Hi everybody , thanks for taking your time to read this thread of mine.
So I have been considering enlisting into the forces due to the fact that I feel like I could use a change of scenery and as well as learning some skills that may help me on later down the road...
I've done some researching online and came to conclusion that going into something with IT or any technical trade will help me in the future if I do decide to transfer over to the civilian life..
Some of the jobs I have looked at are : 
- Aerospace Telecommunication & Information Systems Technician
- Army Communication and Information Systems Specialist
- Electrical Generating Systems Technician

These 3 jobs looked very promising to me  due to the fact that they are trade skills I can carry along after the military career. 
Some questions that I have are, when you finish your specialist training  or the training in general to perform these jobs. do you receive a certificate? something that you can prove to the civilian employers? 
Or will I have to go back to school in order to get one?
If anyone can answer these questions or even tell me a thing or two about any of the listed jobs above that would mean a lot to me! I've read online and watched the videos but something coming from the members of the forces itself would be even better.
Thank you for your time.


----------



## Ludoc (20 Jul 2014)

chy52696 said:
			
		

> Some questions that I have are, when you finish your specialist training or the training in general to perform these jobs. do you receive a certificate? something that you can prove to the civilian employers?
> Or will I have to go back to school in order to get one?


While I can only speak for ACISS, I am sure the other trades are similar.

You will receive a certificate upon completion of trades training but it will not be of any use to you with civilian employers. Having a piece of paper saying you are "ACISS IST DP 1.1" qualified won't mean anything to a civilian employer. In fact, the training evolves so rapidly it is sometimes hard to keep track of what it means in the military.

While it is possible to attend industry led and certified courses later in ones career, it is fairly competitive to be selected to do so.

Generally, when guys get out and look for a job in industry they either go back to school on their own dime to get the qualifications they need or have their new employer pay for the training. Don't let all that discourage you. Even without possessing formal certification most businesses understand former military personal have the knowledge and work ethic to be great employees who can easily acquire any qualifications needed and are thus more likely to pay for them.


----------



## RADOPSIGOPACCISOP (20 Jul 2014)

Generally the CF doesn't grant civilian certificates.

Speaking from the ACISS/ATIS world though, you can and often will get technical training college courses in various software, for instance, newer versions of Microsoft Server, Exchange, VMWare and networking courses.
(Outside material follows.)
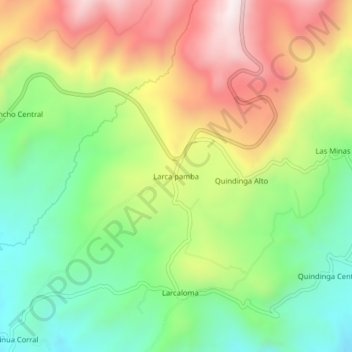 Mapa topográfico Larca pamba, altitud, relieve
Things like MCSA and CCNA/CCNP  certifications can be challanged (pay a fee to write the exams without needing the training courses) if you know enough, or do some of the inexpensive online prep courses.

EGS is always a good choice, you learn a wide variety of electrical and mechanical skills. ACISS is becoming a good trade with transferability (unlike the old LCIS and Sig Op trades) in certain suboccupations (IST, LST).

Do note that ATIS offers specialist pay bonuses that can amount to $400-$600 a month on top of normal pay for trade qualified indviduals. ACISS may or may not be recieving specialist pay, it's currently being decided.


----------



## chrisf (20 Jul 2014)

For some of the tech trades, civilian equivalency varies by province (for example, a distribution tech wanting to get a electrician certification), for others, its federally regulated (an avn tech wanting to get an ame certificate), and other trades some employers will just accept your military qualifications and pay you ludicrous amounts of money (Lcis tech for example)

Word of advice, if there is some sort of equivalent or similar civilian occupation or certification, no one is going to "give it" to you, but its definitely worth your time to go through whatever steps as soon as possible, preferably whole still serving, even if it means you might have to do some distance courses, or spend a bit of leave in a class room or writing exams.


----------